In the previous game of the “pod” format Rutgers put on a hitting display destroying Minnesota 16-1. After that, and given that the Scarlet Knights took care of the Hoosiers by beating staff ace Gabe Bierman the night before, Brown had a tough assignment on his hands.
Brown did not disappoint.
Brown was perfect in the first three innings. While we don’t have velocity numbers to report, Brown’s fastball seemed to get into catcher Jacob Southern’s glove in a hurry. The wicked spin on the curveball produced some downright unfair breaks. Brown did seem to locate some of his breaking pitches up in the zone, but the batters were too off-balanced by the fastball in and most cases didn’t even offer at those pitches.
On offense, the Hoosiers got first inning singles from the first three batters in the lineup which lead to Drew Ashley scoring on a bases-loaded walk to Hunter Jessee. Unfortunately, the Hoosiers left the bases loaded. A pair of solo shots by Grant Richardson and Morgan Colopy (his first collegiate hit) comprised half of Indiana’s scoring. The last run was scored by shortstop Grant Macciocchi on a wild pitch.

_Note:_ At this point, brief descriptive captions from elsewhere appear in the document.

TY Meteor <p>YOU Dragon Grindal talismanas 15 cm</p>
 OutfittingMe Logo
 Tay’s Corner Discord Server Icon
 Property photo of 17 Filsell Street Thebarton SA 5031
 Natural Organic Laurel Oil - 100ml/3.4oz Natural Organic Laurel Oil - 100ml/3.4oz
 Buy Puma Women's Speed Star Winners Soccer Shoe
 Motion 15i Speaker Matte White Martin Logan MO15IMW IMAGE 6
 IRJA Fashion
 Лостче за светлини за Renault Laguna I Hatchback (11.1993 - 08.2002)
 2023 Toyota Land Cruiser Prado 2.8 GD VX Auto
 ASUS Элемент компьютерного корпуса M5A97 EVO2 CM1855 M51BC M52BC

All told four runs were enough. Brown threw over 100 pitches in a 7-inning quality start, giving up only 3 hits, 1 earned run, striking out 12 and surrendering zero walks. Better than that, he rarely seemed to even get into three ball counts.
The Rutgers hitters welcomed a change in the eighth. Connor Manous got an out, but walked and hit a batter. Pitching Coach Justin Parker had the quick hook and went to lefty Braden Scott who hit the next batter to load the bases. Scott then retired the next batter on a sacrifice fly to bring the game within two. Parker made another quick change. Right-handed gas worked for seven innings, so he brought in Matt Litwicki who struck out two Scarlet Knights on the way to a 4-out save.
The win improved the Hoosier to 2-1 on the season and in the B1G. The “pod” series concludes 7pm on Sunday against host Minnesota.